Process of joining Catholic Church better when priests, laypeople work together

The Catholic Church’s system for bringing people into the faith works best when laypeople and priests take an active part and when the learning process stretches beyond the classroom, a new book by a Wake Forest University sociologist reports.

David YamaneIn “Real Stories of Christian Initiation,” co-authored with Sarah MacMillen and Kelly Culver, David Yamane documents how the Rite of Christian Initiation of Adults (RCIA) was practiced in five parishes in Indiana. Yamane, assistant professor of sociology, spent almost a year observing the RCIA process.

The contemporary RCIA process was created after the Second Vatican Council, but is patterned after an ancient model of formation and initiation.

Ideally, the process unfolds over a period of at least a year and ends when the candidate receives the sacraments of initiation in the Catholic Church: baptism, confirmation, and the Eucharist, Yamane said.

Each parish implements this ideal process differently. Among the study’s central findings is that the number of people involved in the RCIA process is more important than the financial resources of the individual parish.
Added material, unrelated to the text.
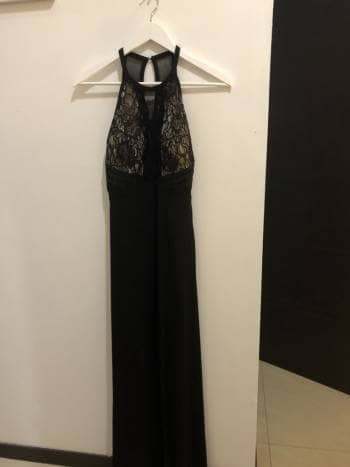 vestidos-de-noche-liz-minelli-2023-89 Вечерни рокли на Лиз Минели 2023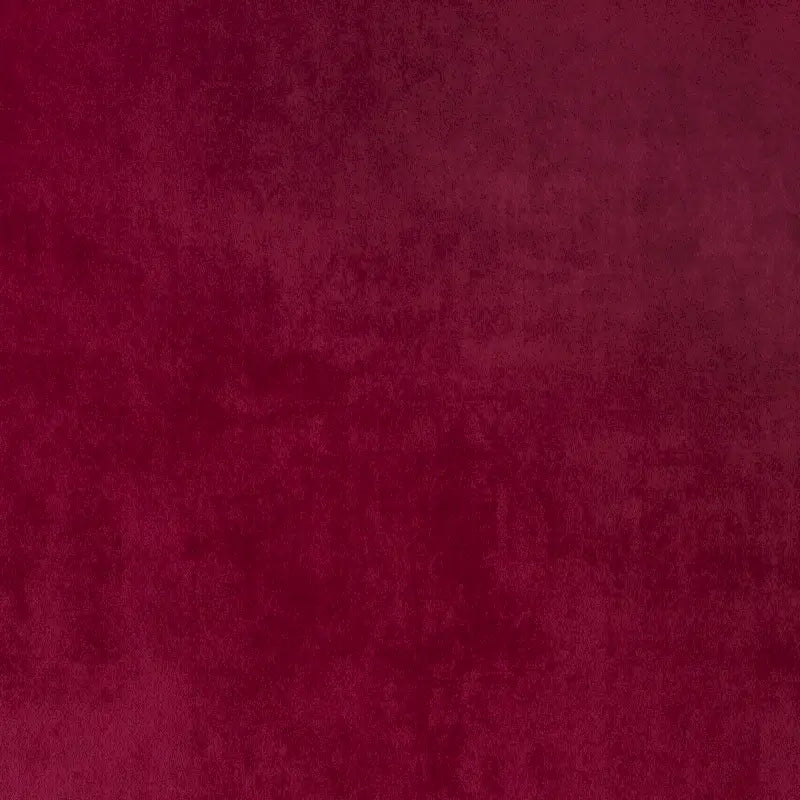 Luxurious Velvet Upholstered Arm Chair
“Our five case studies show that the extent of implementation is directly proportional to the number of individuals involved,” Yamane said.

The RCIA needs lay involvement to succeed, according to the book. However, the authors also concluded that it is particularly important for the priests to play a role beyond the rites in the RCIA process.

“Although laypeople are largely responsible for adult initiation today, successful RCIA programs enjoy the supportive collaboration of parish priests both in catechetical formation and liturgical celebrations,” Yamane said. “The parishes that excel at this collaboration between ordained and lay ministers are a model for all church ministries. This is particularly challenging in today’s environment when we have a declining number of priests and those who remain are badly overworked.”

The researchers also found that classroom learning often dominated the process. On only a handful of occasions did they observe any teaching that took place outside a classroom setting.

“The RCIA is supposed to be more than just book-learning about Catholicism,” Yamane said. “Ideally, it is an apprenticeship in the Catholic Christian life. You cannot be a good Catholic Christian only within the walls of a classroom, or even a church building, so you cannot provide an apprenticeship that does not reach beyond the classroom. Unfortunately, we often think of the process as one of education about faith rather than formation in the practices of faith.”

Yamane and his co-researchers also found important common ground in all the parishes they studied.

“Every parish RCIA process we observed made a good-faith effort to accurately convey core beliefs and teachings of the church,” Yamane wrote in the final chapter of the book.

Since 1988, more than a million individuals in the United States have entered the church through the RCIA process, said Yamane, who himself went through the process in 1992.

“The RCIA process has been in place for a number of years now, and yet we do not know much about what it looks like in practice. The bulk of what has been written about the RCIA process is abstract, not grounded in the actual experiences of those working ‘in the trenches,'” Yamane said.

He hopes the case studies will help improve the RCIA process.

Yamane focuses on the sociology of religion and postwar American Catholicism and edits the academic journal, “Sociology of Religion: A Quarterly Review.” He is also the author of “Student Movements for Multiculturalism” and “The Catholic Church in State Politics,” and editor of “Goodbye Father: The Celibate Male Priesthood and the Future of the Catholic Church.”